**MATERIAL FOR THIS TASK:**
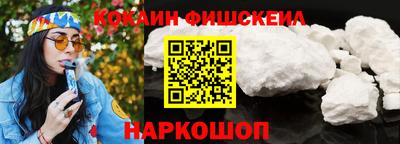 марки nbome Ликино-Дулёво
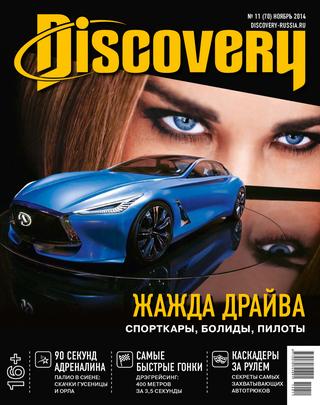 Discovery №11, ноябрь 2014 - Читать журналы и газеты онлайн бесплатно без регистрации | Печатные периодические издания на bookjurn.ru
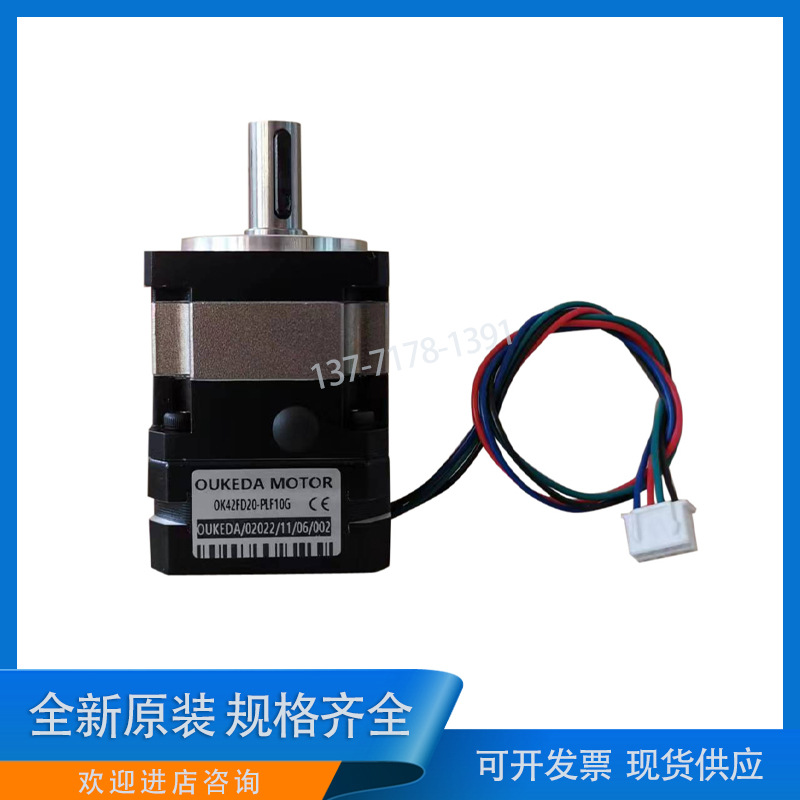 OUKEDA鸥柯达OK42FD20-PLF10G 42减速步进电机 42齿轮箱电机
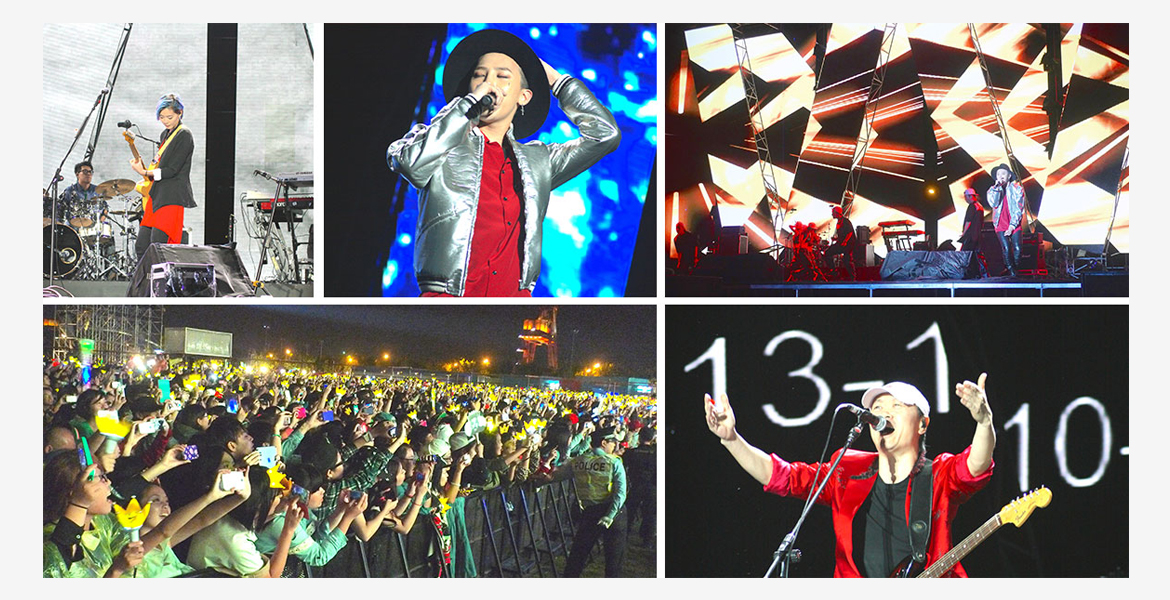 6西岸音樂節(jié)自媒體互動話題策劃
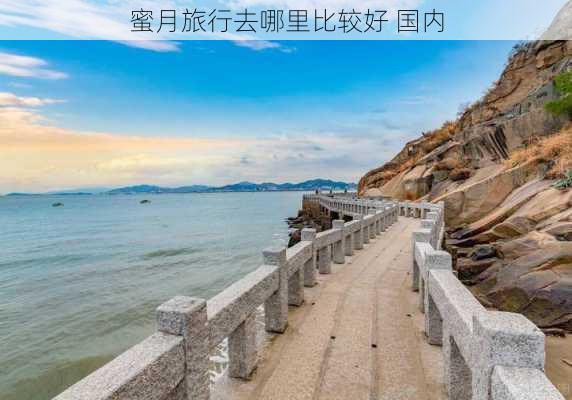 蜜月旅行去哪里比较好 国内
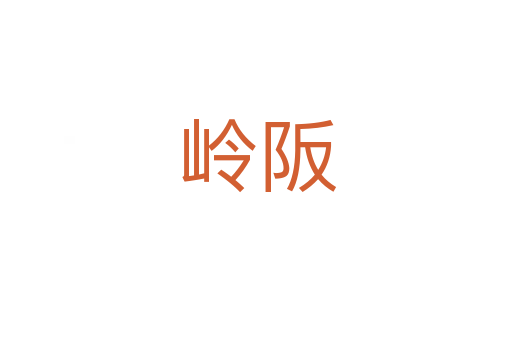 岭阪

**ASSIGNMENT:**
Retype the whole listing above exactly as written. Skip the pictures.

**RESULT OF THIS EXERCISE:**
 марки nbome Ликино-Дулёво
 Discovery №11, ноябрь 2014 - Читать журналы и газеты онлайн бесплатно без регистрации | Печатные периодические издания на bookjurn.ru
 OUKEDA鸥柯达OK42FD20-PLF10G 42减速步进电机 42齿轮箱电机
 6西岸音樂節(jié)自媒體互動話題策劃
 蜜月旅行去哪里比较好 国内
 岭阪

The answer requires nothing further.